Like all towns and cities, Plainfield has needs – an ever-growing number of voids that must be filled for the betterment of its people. More often than not, residents of our city decide to fill these voids. Some choose to better Plainfield as part of their career while even more volunteer their time and energy on the side – some do both. These countless hours from involved citizens are a large part of what makes a community.
Older folks will tell you that Plainfielders are not as close as they used to be – and I take them for their word. Nonetheless, I am proud to be from a place where with such a strong sense of community compared to others in our area. In Plainfield, you are rarely more than two degrees of separation from anyone.
This sense of community is one of the reasons I returned and stayed here after seven years away – in college, working in Philadelphia, and abroad. It’s one of the reasons blogging here is so fulfilling.
As I was born and raised here in Plainfield and attended local schools, I understand that the school system has long been an issue in our city – and in virtually all cities like ours around the nation for that matter. Furthermore, public education in our country is only trending downward.
Make no mistake about it, we must only look at our neighbors in Newark to understand what the powers that be would eventually like to bring to all schools. Newark’s declaration as failing, state takeover, massive school shut downs, charterization and fragmentation are part of a national plan – our state’s largest city is merely an incubator for those desires. Privatization of American public education is real, and the resistance really does start at home.
Prior to last year’s election, curious about the impact of the BOE, I made sure that I read The Essential School Board Book by Nancy Walser. The author sold me further on the importance of a strong, positive governing body, and how their efforts do reach the children in the classroom.
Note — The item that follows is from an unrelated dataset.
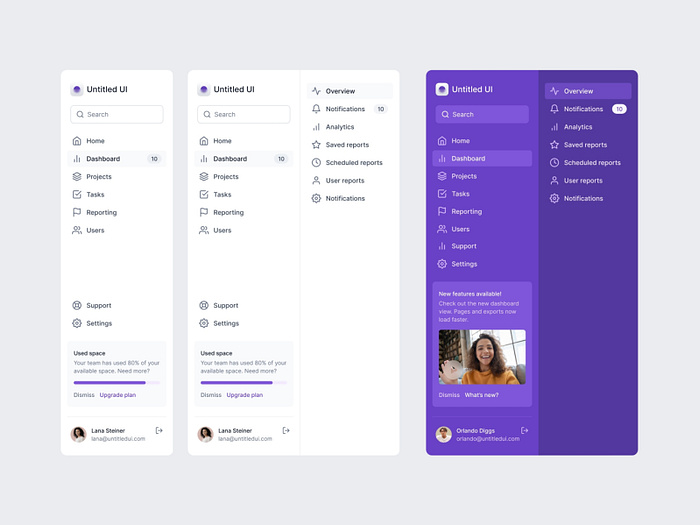 Sidebar navigation — Untitled UI by Jordan Hughes® on Dribbble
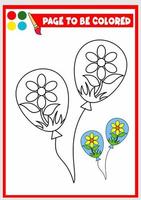 coloring book for kids. balloon vector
Who you choose to represent you on the Board of Education really does matter, especially over the years. The independent governance rating for the Plainfield BOE is near 90% after a dismal 11% only a few years ago. The results of such should become increasingly apparent. There’s more work to do, but with due diligence I don’t doubt that it will be done.
Aside from having an interest in education and our city, I am an architect and plan to use my knowledge to help the Board of Education as it moves forward with its many capital improvement projects. Effective facilities management, too, trickles down to student experiences and achievement.
There’s another reason I’m running. Unfortunately, it’s not only national business interests who wish to capitalize on public schools. Powerful local politicians would like to control our institutions and their resources – meaning their money-making potential. I refuse to stand around and watch the worst among us profit from the education system.
Of course, those who aspire to greater riches already have a good deal of resources to begin with. While it is indeed a challenge to go against machine politicians and their massive war chests, it’s been proven time and time again to be a surmountable obstacle.
Last year’s election – which I narrowly lost despite a victory by my slate – was probably the most stressful two month period of my life, including the most intense parts of architecture school.
That being said, I have been particularly touched by the large outreach of support leading up to today’s filing deadline. Leaning towards another run, I was further encouraged to this decision by countless people, many of whom pledge to help in whatever way they can. For anyone interested in playing a part, there are always roles, both large and small.
Working together, we have an inherent advantage over the powers that be. You can’t buy trust and relationships cultivated over years. You can’t buy hard work by determined people who stand strong in their beliefs and goals. You can’t fabricate genuinely caring about the betterment of Plainfield.